Saturday, September 18, 2004

essential to national security

I'm no longer a member of the LP, but I'm glad to read their policy commentary and press releases to see that they haven't yet lost all semblance of principle, however much less radical they are from my current preferences.

But I think their principles in this release are much stronger than their grasp of history.
The scandal isn't that so many Americans tried to avoid going to Vietnam; it's that their government tried to send them there in the first place. The fact that Bush is sending troops to Iraq proves he hasn't learned that lesson.
Right on!
The tragedy isn't that Bush, the Guardsman, may have avoided Vietnam. The tragedy is that Bush, the president, has sent more than 1,000 Americans to their deaths in Iraq.
Right on! (But let's not forget the civilian body count!)
Contrast Vietnam and Iraq with World War II. After the attack on Pearl Harbor, American teen-agers weren't lying to get out of the war; they were lying about their ages to get in.
Um ... OK ...
The point is that the American people know which wars are essential to national security and which are not, regardless of what the president says.
Now hold on a minute!

Does the LP seriously believe that WWII was essential to national security -- and that the American people (a dubious collectivist concept for a party supposedly based in philosophical individualism!) know that it was?

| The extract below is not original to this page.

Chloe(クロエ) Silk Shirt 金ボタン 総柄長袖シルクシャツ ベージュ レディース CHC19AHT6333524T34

You mean FDR and Winston Churchill didn't plan US entry into WWII well before Pearl Harbor? You mean FDR didn't goad the Japanese into attacking through economic warfare and deliberate diplomatic sleights? He didn't refuse to communicate with them when they sought negotiations to avoid war? He didn't deliberately load up the harbor with derelict military hardware, which he considered worth losing, and sailors -- whom he also considered worth losing -- however many of them were needed to make so many Americans cry out for blood vengeance?

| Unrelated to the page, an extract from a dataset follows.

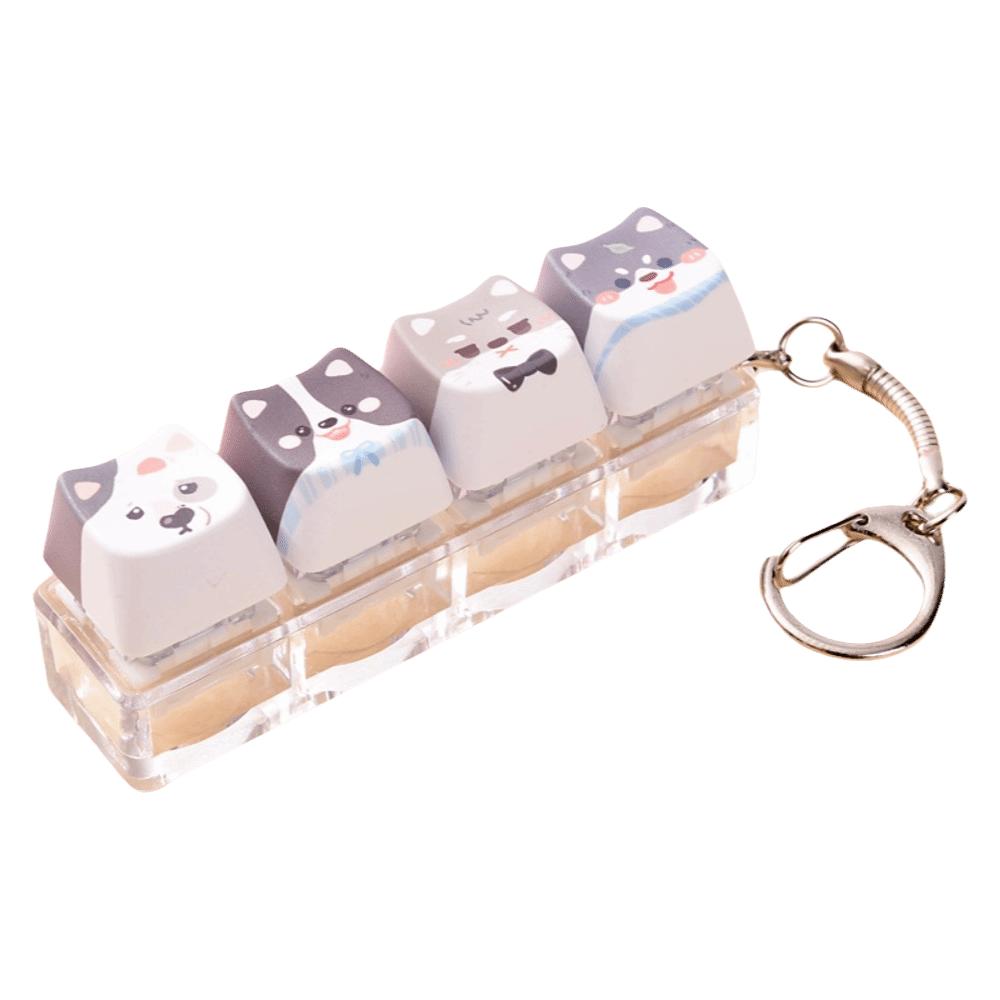 Keyboard Stress Relief Clicker Mechanical Creative Dog Keychain Children Adults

If the writers of LP releases don't know these facts, then they're not trying very hard. They're readily available to anyone who reads beyond government school textbooks.*

And if they do know these facts, then they are either (a) cynically manipulating public ignorance to promote their agenda, or (b) suggesting that Dubya should have goaded Saddam into somehow attacking the US first, so that Gulf War II could better resemble World War II.

So our choices are ignorance, mild cynicism, or a monstrous Machiavellian amorality beyond anything the neocons have said out loud.

I'm going to give them the benefit of the doubt, assume that they're still attached to principle, and accuse them only of laziness and ignorance.

---

* I went to private schools, but the economics of school materials is such that the state governments -- and probably blocks of state governments -- determine which texts will be most massively printed and therefore which texts will be least expensive for private schools, too. Unless a private school teacher used primary materials, it's likely that a privately schooled person received just as much government approved history as the "publicly" schooled.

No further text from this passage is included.